米レノボは、サンフランシスコで開催中のコンピューター技術者向け会議「Intel Developer Forum(IDF)」の会場において、2008年10月に米国で発売予定の低価格ミニノート「IdeaPad S10」を展示した。
今回のIDFでは、Windows XPをプリインストールした実機を、来場者が自由に触れる状態で展示。同製品は8月4日に発表したばかりで、ほとんどの来場者にとって初めて実機を見る機会であった。このせいもあってか、同社ブースに1台だけ置いてあったS10の周りは、常に多くの来場者で混み合っていた。

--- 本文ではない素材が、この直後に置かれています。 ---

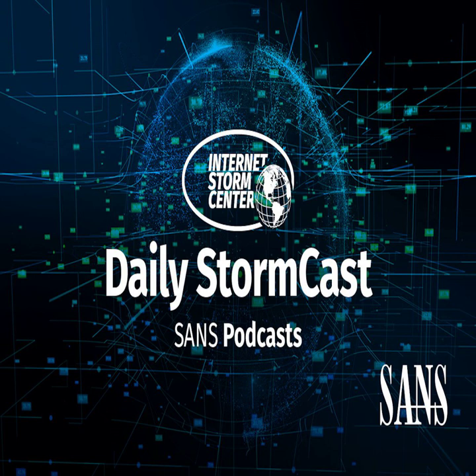Hello, welcome to the Friday, June 11th, 2021 edition of the SANS Internet Storm Center Stormcast. My name is Johannes Ulrich and today I'm recording from Jacksonville, Florida. Quick diary today, just looking at some of these cookie warning banners.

展示品で確認したところ、CPUは他の低価格ミニノートと同様、Atom N270(1.6GHz)。展示品のメモリーは1GBだったが、「標準で512MB、最大1.5GBまで増設できる」(レノボの説明員)とのこと。記憶媒体はHDDで、容量は80GB。プリインストールOSはWindows XP(SP3)。バッテリー駆動時間は「3セルのバッテリーパック使用時で2.5時間、6セル使用時で5時間」(レノボの説明員)という。
きょう体の左側面にはUSB、アナログRGB、メモリーカード(SD)の各端子が、右側面にはUSB、LAN、ExpressCard、マイク、イヤホンの各端子がそれぞれ設けられている。他社の低価格ミニノートではUSBを3端子設ける製品が多いが、S10ではUSBを1端子減らし、代わりにExpressCardとすることで差異化を図っている。

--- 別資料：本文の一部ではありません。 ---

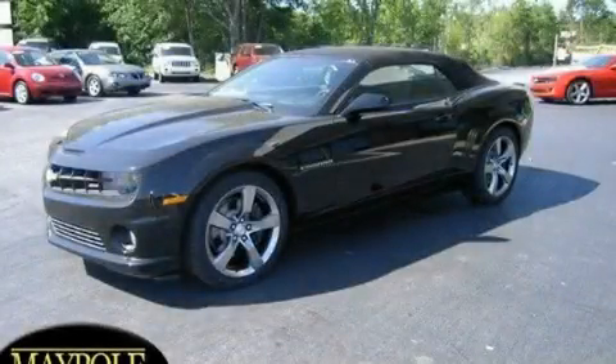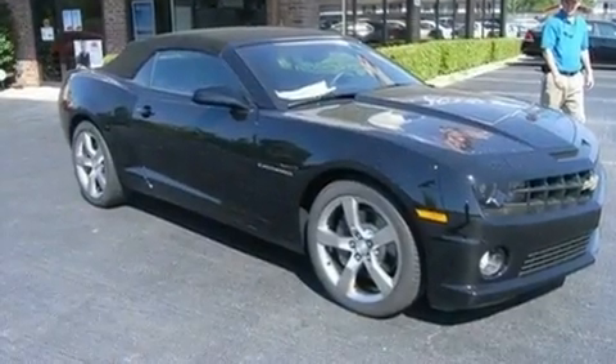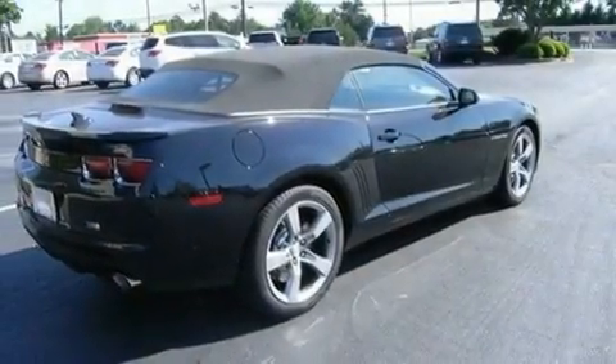This is a brand new 2011 Chevrolet Camaro, designed to turn heads. It features a 6.2-liter 8-cylinder engine and a 6-speed automatic transmission.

液晶ディスプレイは10型横長。台湾アスーステック・コンピューター(ASUSTeK、ASUS)の「Eee PC 901」や台湾エイサーの「Aspire one」は8.9型横長で、これらの製品よりも若干大きくなっている。これに伴い、キーボードもいくらか余裕を持って大きめに作られており、筆者が試した限りでは比較的入力しやすいと感じた。なお、展示品のキーボードにはいわゆるWindowsキーがなく、代わりに家を模したマークのキーが置かれていた。このことから、Windows XP版だけでなくLinux版も用意するものとみられる。
レノボのノートパソコン「ThinkPad」は、旧IBM時代から一貫して神奈川県大和市の事業所で開発されているが、「S10は大和事業所で開発したものではない」(レノボの説明員)という。台湾メーカーからのODM(original design manufacturing)形式による調達とみられる。
日本での発売時期が気になるところだが、「おそらく2009年になるだろう。社内では、第1フェーズでの投入市場として米国や中国などが挙がっているが、日本はその中に入っていない。第1フェーズでの発売が一段落した後、第2フェーズ以降での発売になる」(レノボの説明員)とのことだった。